[What the exercise asks]: Could you copy word for word only the lines between the one containing "AIRFIELD CONVEYOR AND EQUIPMENT" and the end of the listing below, both included, and leave out the pictures?

[Available data]:

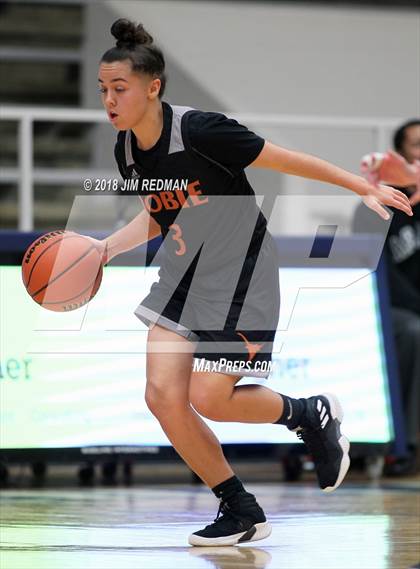 Thumbnail 1 in Dobie vs. Pasadena (McDonald's Texas Invitational) photogallery.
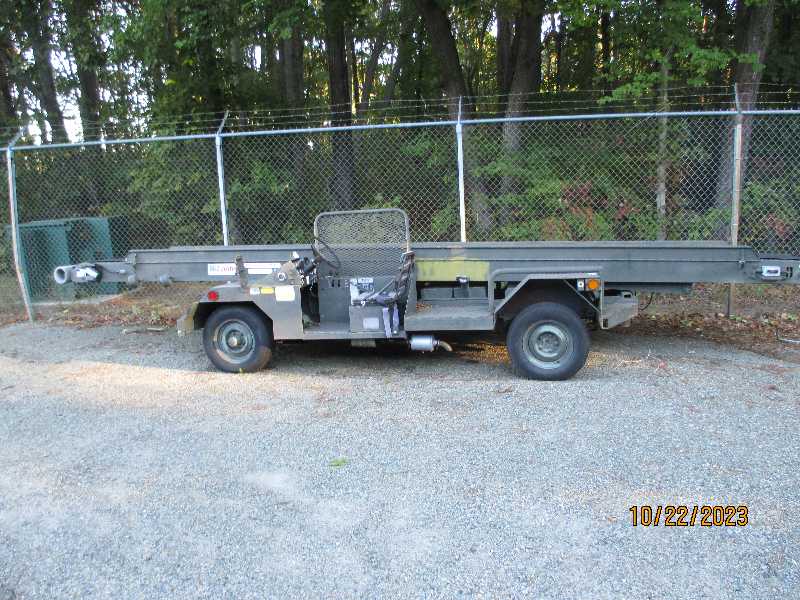 AIRFIELD CONVEYOR AND EQUIPMENT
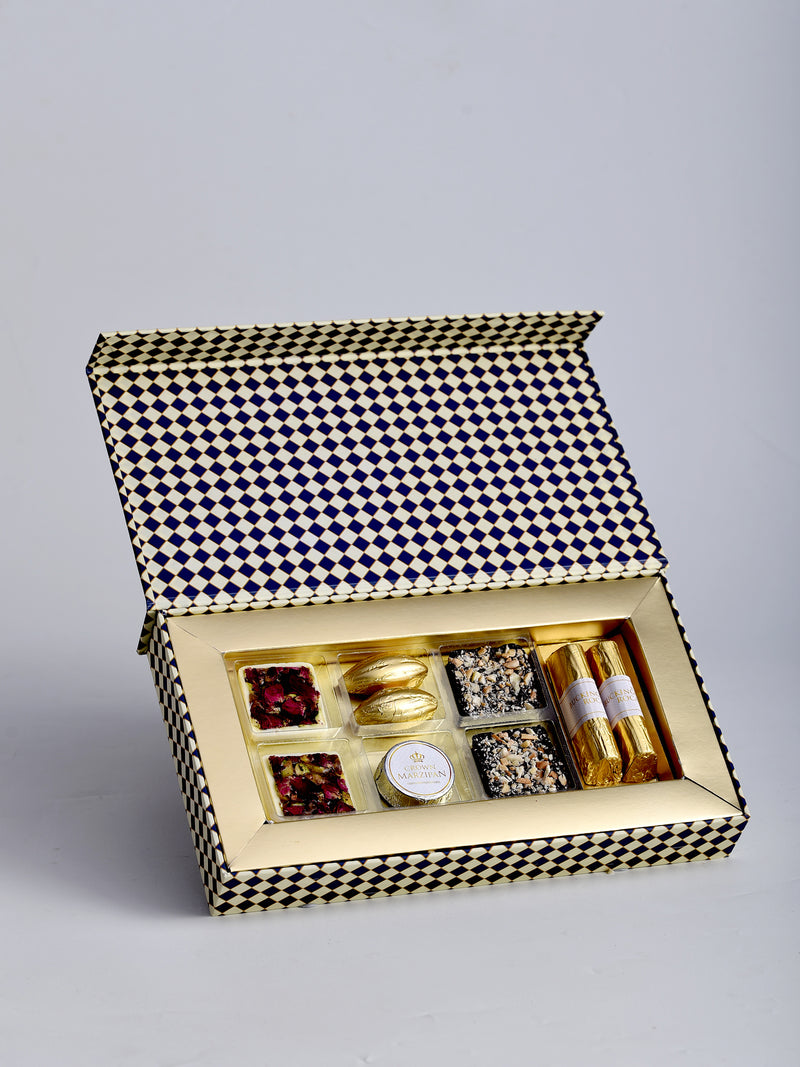 SMALL NUT GIFT BOX FEATURING  PRIDE OF INDIA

[Output below]:
 AIRFIELD CONVEYOR AND EQUIPMENT
 SMALL NUT GIFT BOX FEATURING  PRIDE OF INDIA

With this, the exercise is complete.